Central de Atendimento (Piso Superior – Torre A): Terça a sexta-feira, das 9h às 20h30; sábado, domingo e feriado, das 10h às 18h30.
Estacionamento: R$ 5,50 a primeira hora + R$ 2,00 a hora adicional (Credencial Plena: trabalhador no comércio de bens, serviços e turismo matriculado no Sesc e dependentes).
R$ 12 a primeira hora + R$ 3,00 a hora adicional (outros). 111 vagas.
BATE-PAPO
Conversação – Os deslocamentos políticos e poéticos da mulher de agora, em sua missão de cobrar
Sábado, 28 de setembro, após a apresentação
Os encontros-conversa são meios de diálogo que vislumbram refletir sobre o universo de pesquisa em torno das histórias orais de mulheres trabalhadoras do transporte público, manancial de construção cênica e dramatúrgica do espetáculo “A Cobradora”. O que neste tempo de agora é necessário cobrar? Existe algo que una todas as mulheres? O que pode em essência conectar Lilith, Eva e a mulher que cobra, a cobradora das catracas?
Com: Maria Alencar, Cláudia Barral, Natalia Yukie e Tatiane Lustoza
Sobre o Coletivo Zózima Trupe
A Zózima Trupe é um grupo de teatro formado por atores profissionais que, desde 2007, pesquisa o ônibus urbano como espaço cênico, espaço de descentralização e democratização do acesso às artes.
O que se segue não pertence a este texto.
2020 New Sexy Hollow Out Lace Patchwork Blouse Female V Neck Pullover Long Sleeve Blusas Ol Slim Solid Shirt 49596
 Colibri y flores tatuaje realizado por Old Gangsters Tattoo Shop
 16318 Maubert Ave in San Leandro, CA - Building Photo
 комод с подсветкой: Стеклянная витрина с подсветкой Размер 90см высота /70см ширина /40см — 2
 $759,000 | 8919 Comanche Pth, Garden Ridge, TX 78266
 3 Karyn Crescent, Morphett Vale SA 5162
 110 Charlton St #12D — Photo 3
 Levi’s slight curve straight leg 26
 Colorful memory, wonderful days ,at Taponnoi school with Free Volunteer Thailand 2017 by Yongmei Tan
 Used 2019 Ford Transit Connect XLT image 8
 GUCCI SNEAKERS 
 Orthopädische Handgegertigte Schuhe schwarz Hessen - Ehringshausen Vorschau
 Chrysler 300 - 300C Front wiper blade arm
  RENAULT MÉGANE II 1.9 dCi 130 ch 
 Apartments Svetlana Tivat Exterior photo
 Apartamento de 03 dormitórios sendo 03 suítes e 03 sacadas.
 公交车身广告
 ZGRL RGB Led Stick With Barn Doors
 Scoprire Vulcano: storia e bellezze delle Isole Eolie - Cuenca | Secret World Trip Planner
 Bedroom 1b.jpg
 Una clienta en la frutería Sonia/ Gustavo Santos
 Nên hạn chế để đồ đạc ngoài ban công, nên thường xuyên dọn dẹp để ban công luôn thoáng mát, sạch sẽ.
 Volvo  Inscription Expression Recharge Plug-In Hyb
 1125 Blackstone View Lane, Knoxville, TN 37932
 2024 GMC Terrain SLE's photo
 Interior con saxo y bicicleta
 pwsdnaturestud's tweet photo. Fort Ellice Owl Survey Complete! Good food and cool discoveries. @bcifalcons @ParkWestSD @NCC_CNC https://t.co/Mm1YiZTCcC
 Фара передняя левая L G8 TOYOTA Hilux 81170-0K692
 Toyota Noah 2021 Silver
Desbravar o arcabouço do ônibus como espaço cênico e falar diretamente ao trabalhador, aquele que tem o próprio corpo abatido dia a dia pelas insuficiências do transporte coletivo, são os pontos fundantes dos movimentos de pesquisa teatral da Zózima Trupe desde a sua origem.
Durante os anos de pesquisa, a Trupe desenvolveu diversos projetos que culminaram na criação e realização dos espetáculos Cordel do amor sem fim (2007) – de Cláudia Barral, apresentado mais de 620 vezes em vários estados brasileiros e também encenado no continente europeu, Valsa nº 6 (2009) – de Nelson Rodrigues, O poeta e o cavaleiro (2010) – livre inspiração na obra literária de Pedro Bandeira e contemplado com o Prêmio Myriam Muniz da Fundação Nacional das Artes (FUNARTE), Dentro é lugar longe (2013) – de Rudinei Borges e Os minutos que se vão com o tempo (2016), com dramaturgia em processo compartilhado com Cláudia Barral e o primeiro espetáculo encenado em ônibus de linha; Iracema via Iracema em parceria com o Agrupamento Andar 7 (2017); e dos projetos 1º Mostra de Teatro no Ônibus (2009) e Plantar no ferro frio do ônibus o ninho – Residência artística por um teatro do encontro sem fronteiras (2012/2013) – contemplado pela 20ª edição do Programa de Fomento ao Teatro para a cidade de São Paulo e Os minutos que se vão com o tempo: da imobilidade urbana ao direito à poesia, à cidade e à vida, contemplado pela 24º Edição da Lei de Fomento. A Trupe foi um dos grupos selecionados para representar o Brasil no I Mercado de Indústrias Culturais dos Países do Sul (Micsul) na Argentina, em maio de 2014 e da 15ª Edição – Platea Santiago a Mil em 2015 no Chile.